Recorded data Block Start

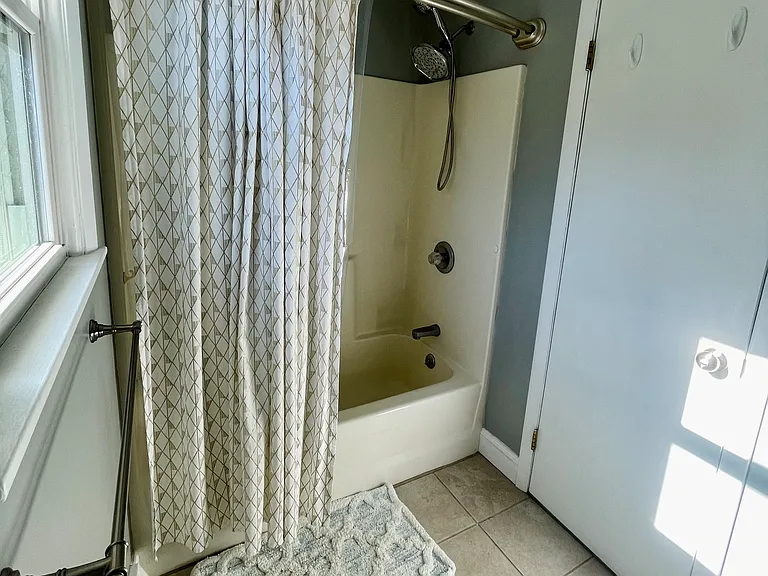 Bunker Hill Dr — Photo 14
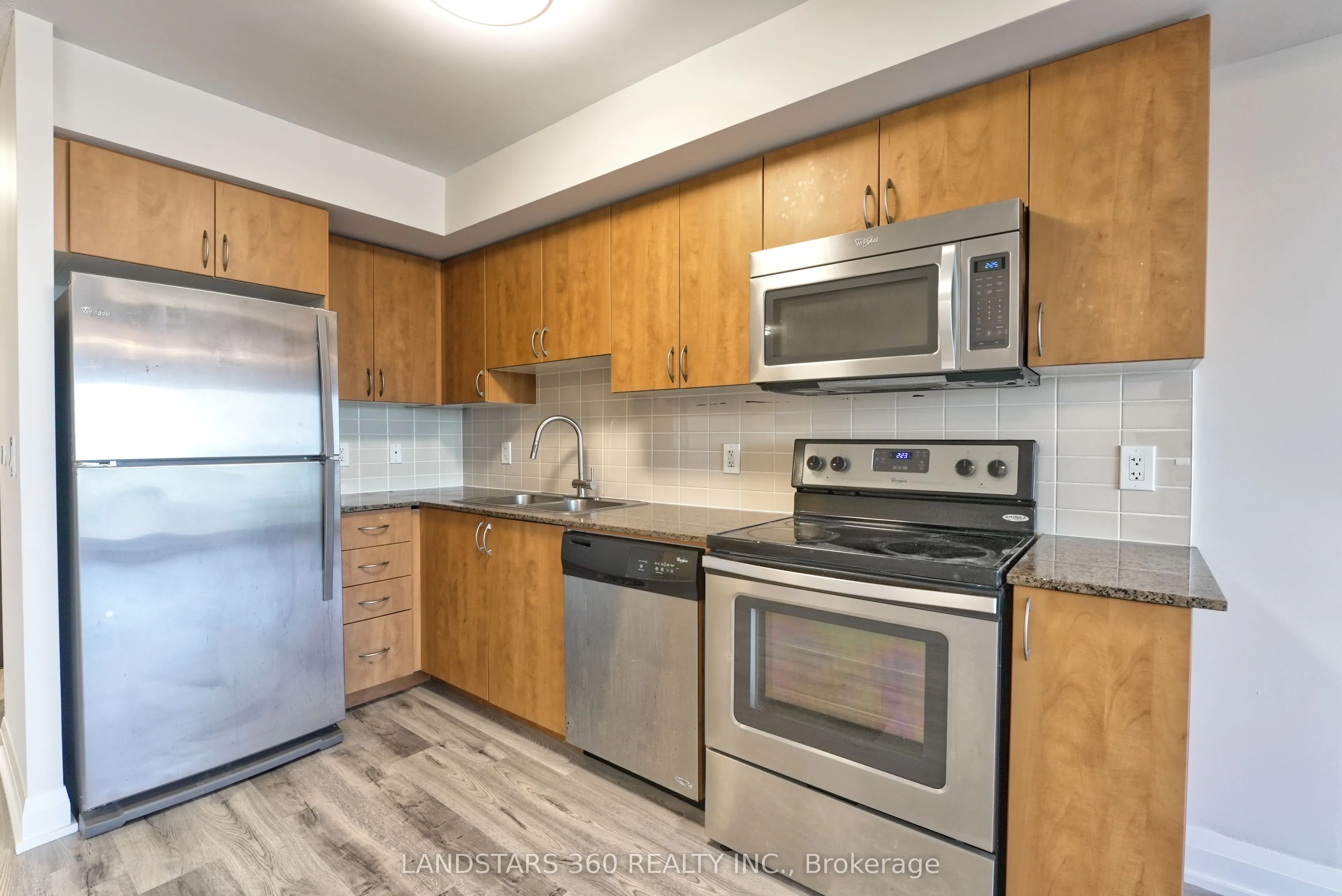 376 Highway 7 Avenue E, #920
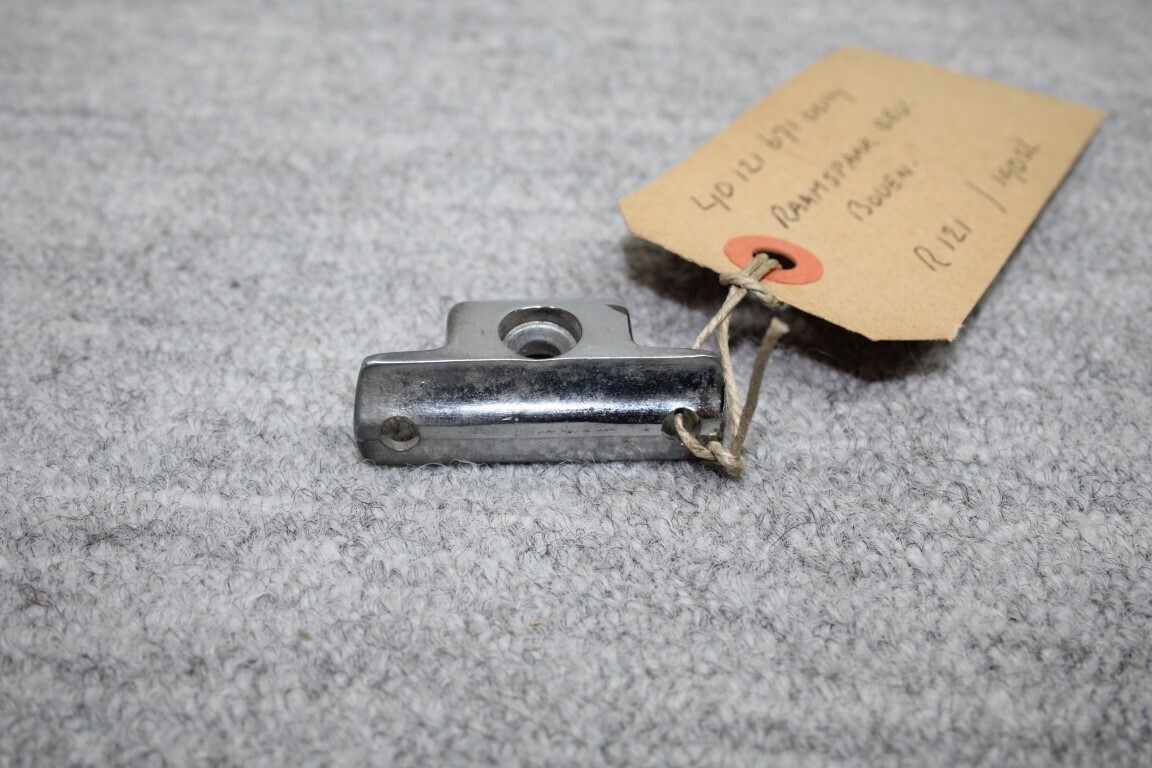 Raamspaak bevestiging boven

Recorded data Block End

Instructions for the task: Give back the listing unchanged. Strip out the pictures.

Completed task:
 Bunker Hill Dr — Photo 14
 376 Highway 7 Avenue E, #920
 Raamspaak bevestiging boven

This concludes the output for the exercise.